What you have to do> Only the lines from the one with "Vito 2024 2.0T Business Edition 7-seater" through the last line of the data below are to be duplicated, exactly and without pictures.

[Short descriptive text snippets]
--- START ---
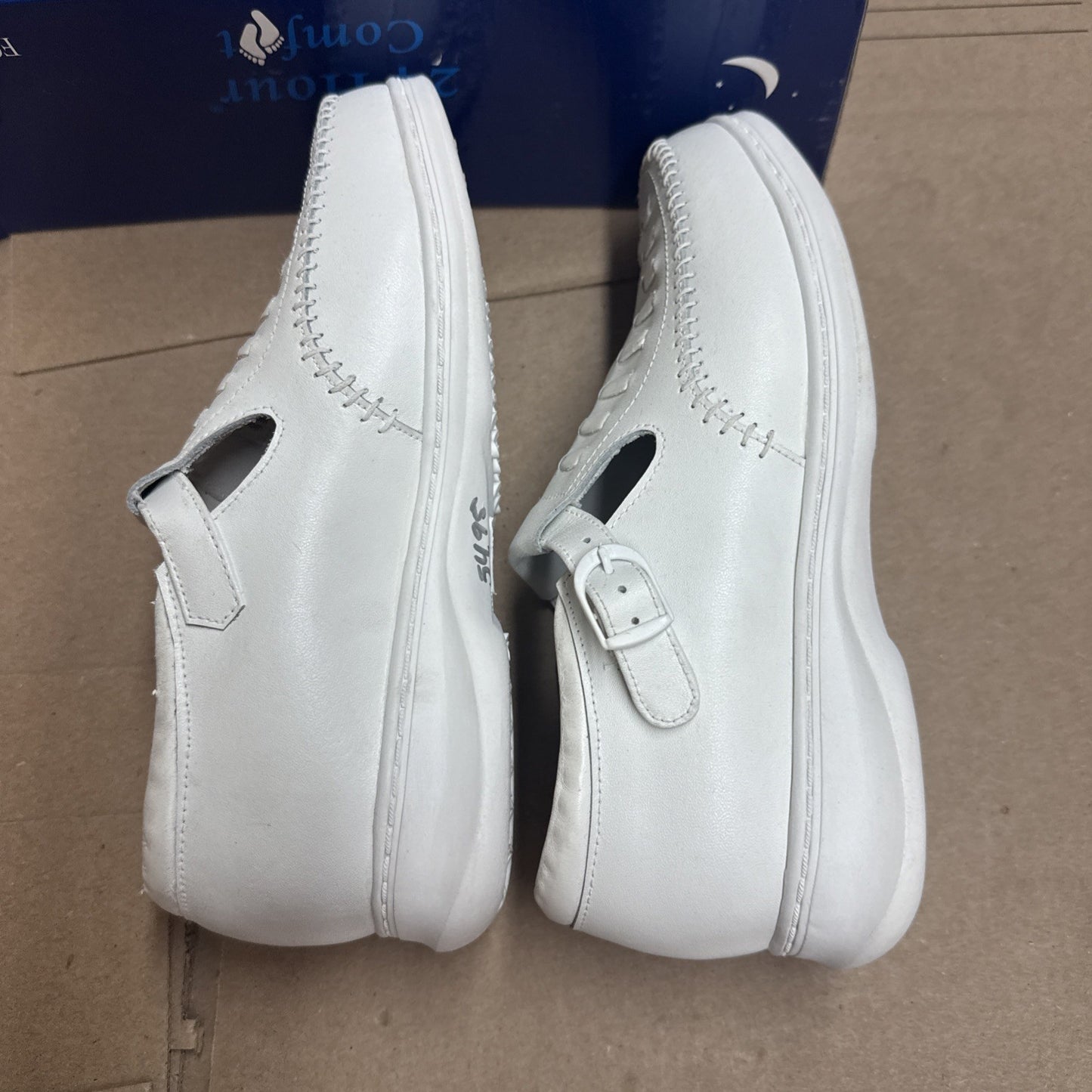 24 HOUR COMFORT Chloe Women's 6 Wide Width Moccasin Design Leather Shoes Nurse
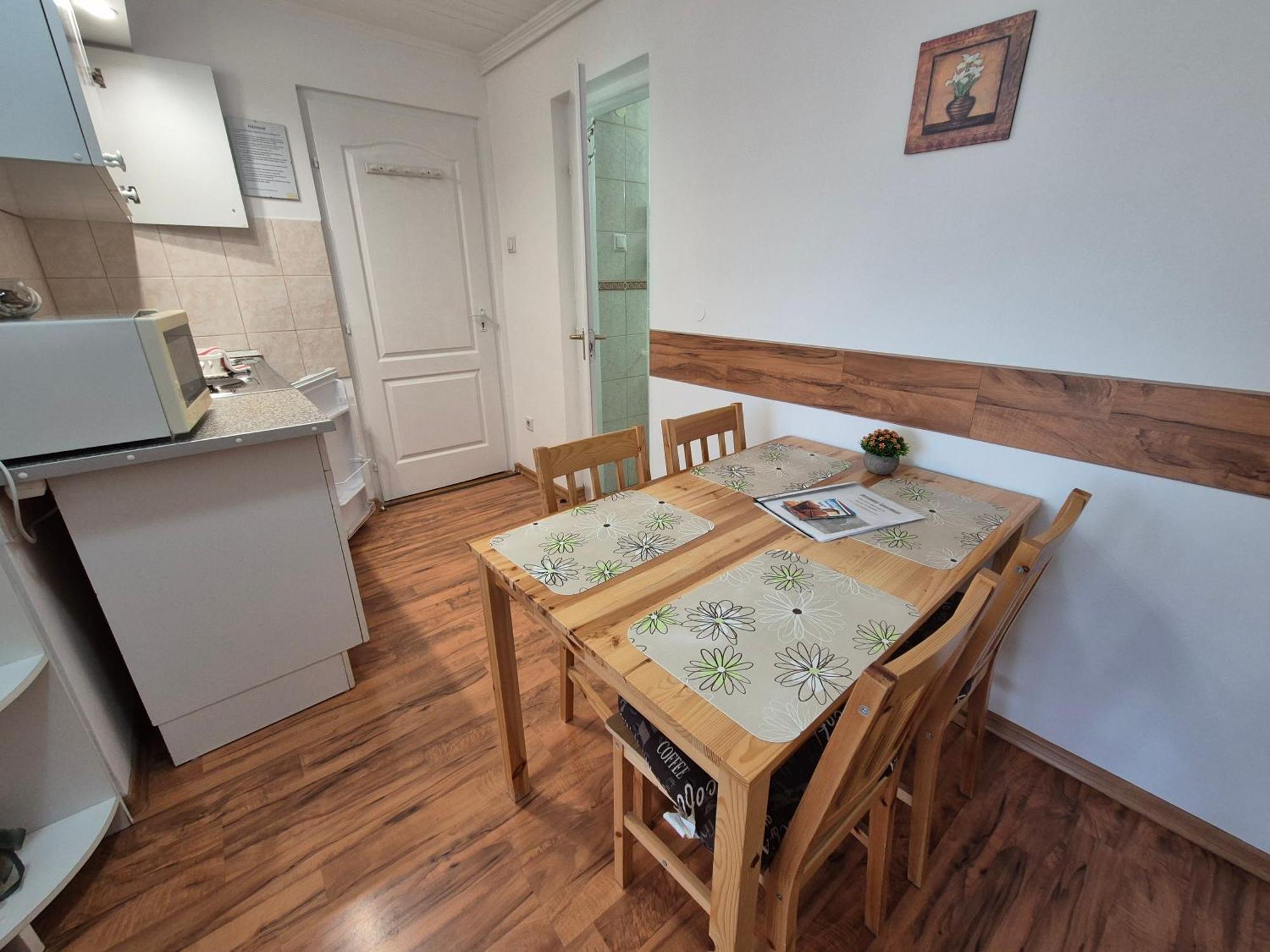 Roxanna Apartman Gyula Ngoại thất bức ảnh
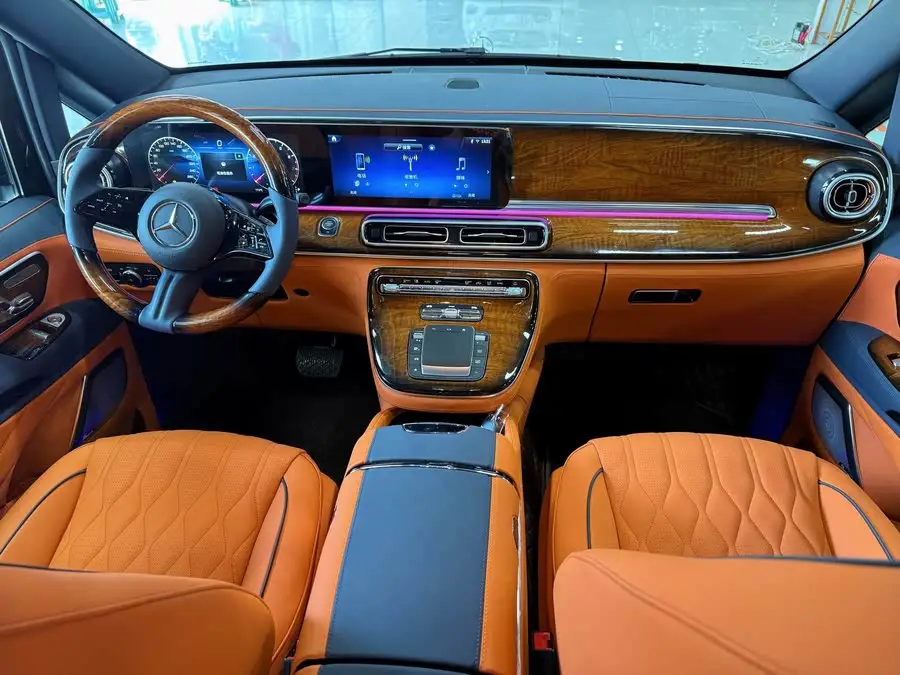 Vito 2024 2.0T Business Edition 7-seater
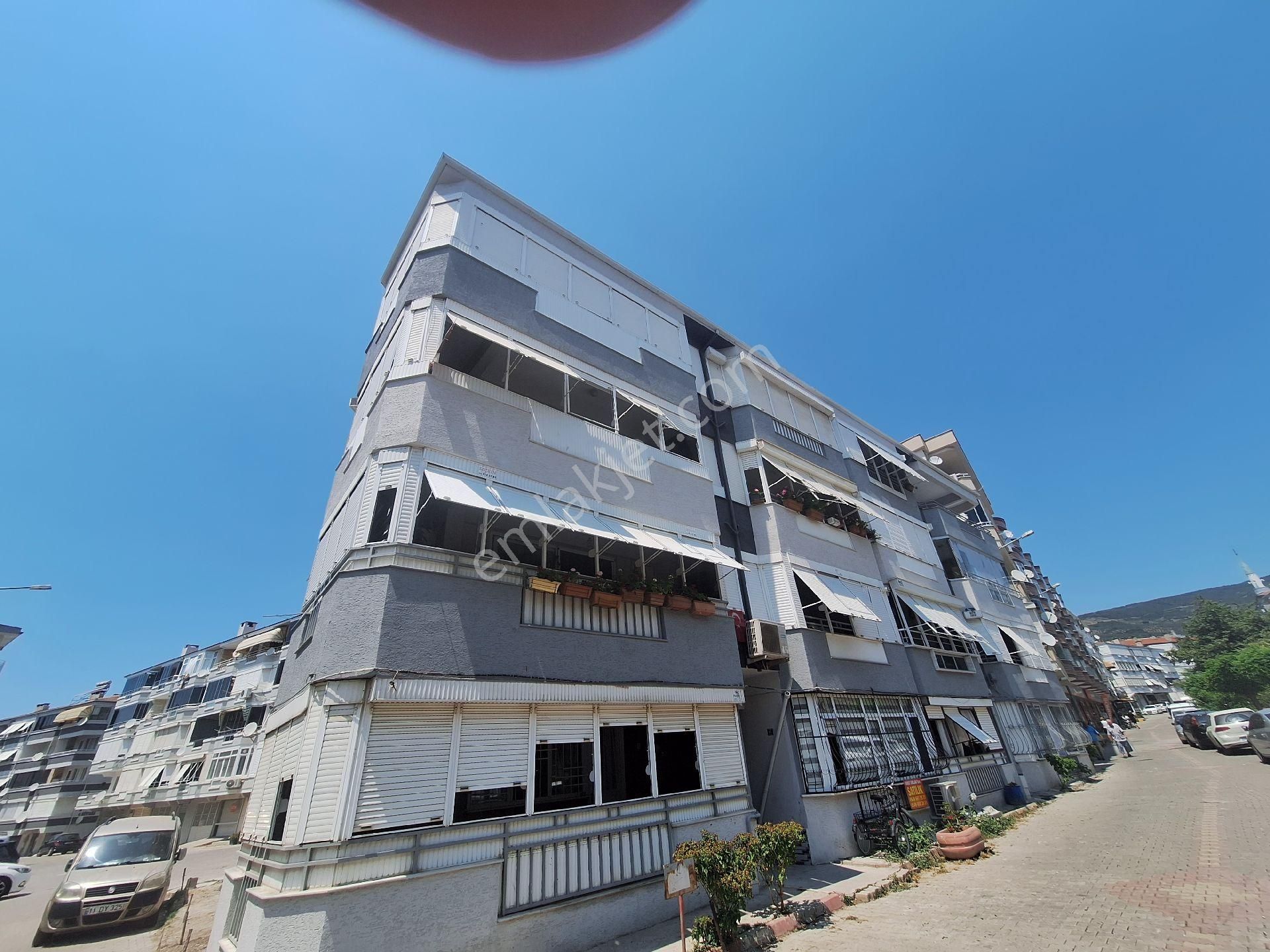 Gemlik K.kumla Feyza Emlak Tan Satılık Denize Yakin Daire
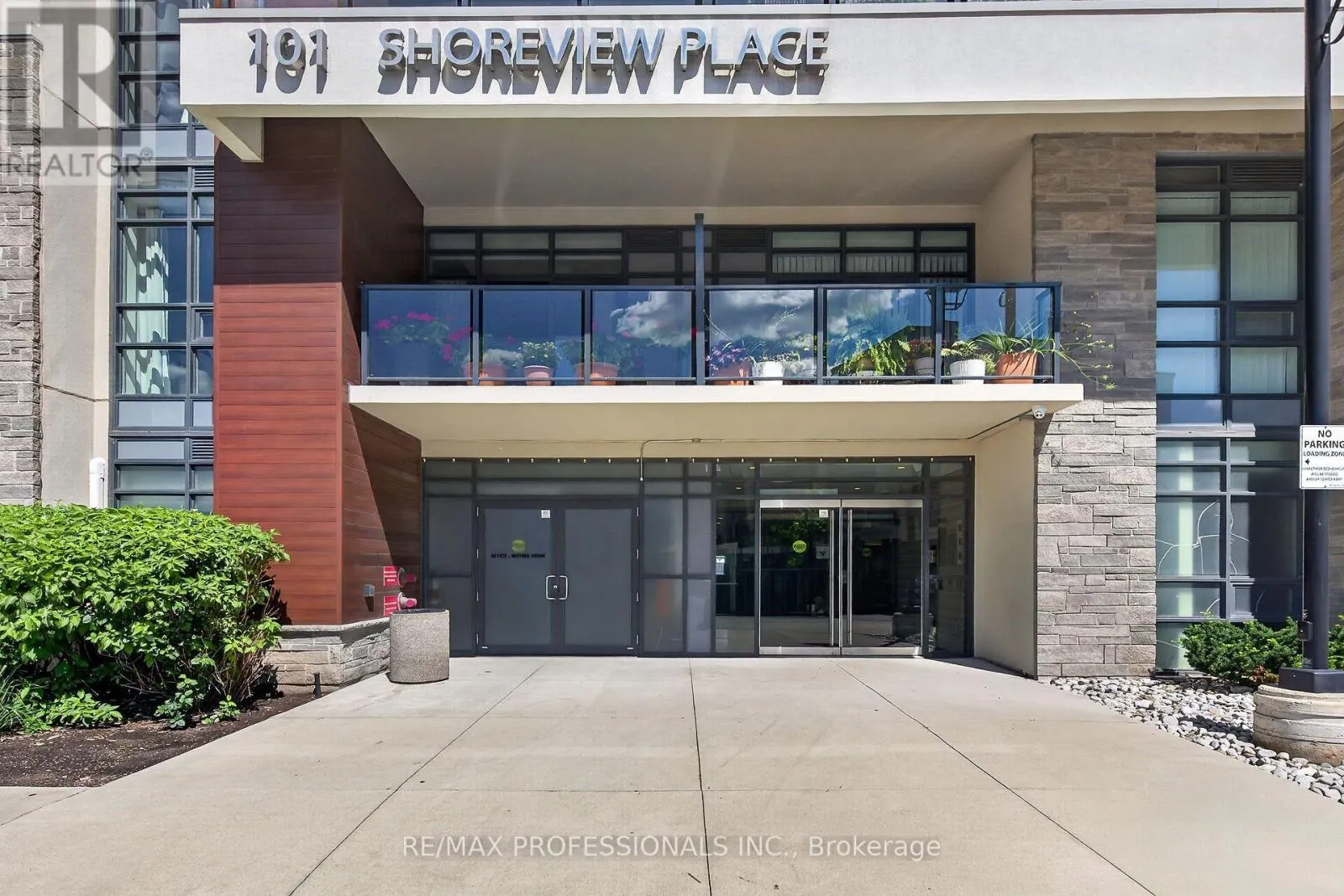133 - 101 SHOREVIEW PLACE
--- END ---
Problem solution>
 Vito 2024 2.0T Business Edition 7-seater
 Gemlik K.kumla Feyza Emlak Tan Satılık Denize Yakin Daire
133 - 101 SHOREVIEW PLACE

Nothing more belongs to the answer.